The trial, which began in December 2022, was the first to administer a gene therapy to a child with a specific form of autosomal recessive deafness caused by mutations of the OTOF (otoferlin) gene, called DFNB9.
“If children are unable to hear, their brains can develop abnormally without intervention,” explained Dr Zheng-Yi Chen, an associate scientist in the Eaton-Peabody Laboratories at Mass Eye and Ear and Associate Professor of Otolaryngology–Head and Neck Surgery at Harvard Medical School.
“The results from this study are truly remarkable. We saw the hearing ability of children improve dramatically week by week, as well as the regaining of their speech.
“All six children in the study had total deafness, as indicated by an average auditory brainstem response (ABR) threshold of over 95 decibels. After 26 weeks, five children demonstrated hearing recovery, showing a 40-57 decibel reduction in ABR testing, dramatic improvements in speech perception and the restored ability to conduct normal conversation.
“Overall, no dose-limiting toxicity was observed. While following upon the patients, 48 adverse events were observed, with a significant majority (96%) being low grade, and the rest being transitory with no long-term impact.”
Hearing loss affects more than 1.5 billion people worldwide, with congenital deafness impacting nearly 26 million of those individuals and the authors highlighted that amongst children, more than 60% stemmed from genetic reasons.

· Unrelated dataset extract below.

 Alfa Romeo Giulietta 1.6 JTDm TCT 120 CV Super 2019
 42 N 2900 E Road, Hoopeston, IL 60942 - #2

“DFNB9 for example, is a hereditary disease caused by mutations of the OTOF gene and a failure to produce the functioning otoferlin protein, which is necessary for transmitting sound signals from the ear to the brain,” Dr Chen said.
“Significantly, there are currently no FDA-approved drugs to help with hereditary deafness, which has opened the door for new solutions like gene therapies.
“Not since cochlear implants were invented 60 years ago has there been an effective treatment for deafness – this is a huge milestone that symbolizes a new era in the fight against all types of hearing loss.”